*** Excerpted records ***
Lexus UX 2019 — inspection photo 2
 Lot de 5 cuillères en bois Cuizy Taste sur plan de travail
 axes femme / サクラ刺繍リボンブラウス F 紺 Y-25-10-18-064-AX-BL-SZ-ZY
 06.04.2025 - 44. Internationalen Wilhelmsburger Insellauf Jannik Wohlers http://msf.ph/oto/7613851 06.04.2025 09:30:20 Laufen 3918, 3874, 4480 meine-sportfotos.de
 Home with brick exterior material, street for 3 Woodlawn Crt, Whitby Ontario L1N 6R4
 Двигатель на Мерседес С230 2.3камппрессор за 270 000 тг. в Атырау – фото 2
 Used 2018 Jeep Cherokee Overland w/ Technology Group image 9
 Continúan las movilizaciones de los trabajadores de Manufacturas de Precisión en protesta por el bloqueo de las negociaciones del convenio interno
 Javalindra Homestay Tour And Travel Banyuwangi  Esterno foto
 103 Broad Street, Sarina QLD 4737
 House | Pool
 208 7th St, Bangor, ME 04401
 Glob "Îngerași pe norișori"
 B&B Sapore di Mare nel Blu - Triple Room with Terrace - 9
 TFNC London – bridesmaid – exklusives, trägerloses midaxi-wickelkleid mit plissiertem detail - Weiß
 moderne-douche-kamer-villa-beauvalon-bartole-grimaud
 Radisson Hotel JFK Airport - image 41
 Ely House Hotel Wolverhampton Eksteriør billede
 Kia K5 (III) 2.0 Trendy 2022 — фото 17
*** End of Excerpted records ***
• [Your assignment]: Stop after the line containing "Ely House Hotel": print exactly the lines from the start of the entries above up to it, that line included.

• [Output below]:
Lexus UX 2019 — inspection photo 2
 Lot de 5 cuillères en bois Cuizy Taste sur plan de travail
 axes femme / サクラ刺繍リボンブラウス F 紺 Y-25-10-18-064-AX-BL-SZ-ZY
 06.04.2025 - 44. Internationalen Wilhelmsburger Insellauf Jannik Wohlers http://msf.ph/oto/7613851 06.04.2025 09:30:20 Laufen 3918, 3874, 4480 meine-sportfotos.de
 Home with brick exterior material, street for 3 Woodlawn Crt, Whitby Ontario L1N 6R4
 Двигатель на Мерседес С230 2.3камппрессор за 270 000 тг. в Атырау – фото 2
 Used 2018 Jeep Cherokee Overland w/ Technology Group image 9
 Continúan las movilizaciones de los trabajadores de Manufacturas de Precisión en protesta por el bloqueo de las negociaciones del convenio interno
 Javalindra Homestay Tour And Travel Banyuwangi  Esterno foto
 103 Broad Street, Sarina QLD 4737
 House | Pool
 208 7th St, Bangor, ME 04401
 Glob "Îngerași pe norișori"
 B&B Sapore di Mare nel Blu - Triple Room with Terrace - 9
 TFNC London – bridesmaid – exklusives, trägerloses midaxi-wickelkleid mit plissiertem detail - Weiß
 moderne-douche-kamer-villa-beauvalon-bartole-grimaud
 Radisson Hotel JFK Airport - image 41
 Ely House Hotel Wolverhampton Eksteriør billede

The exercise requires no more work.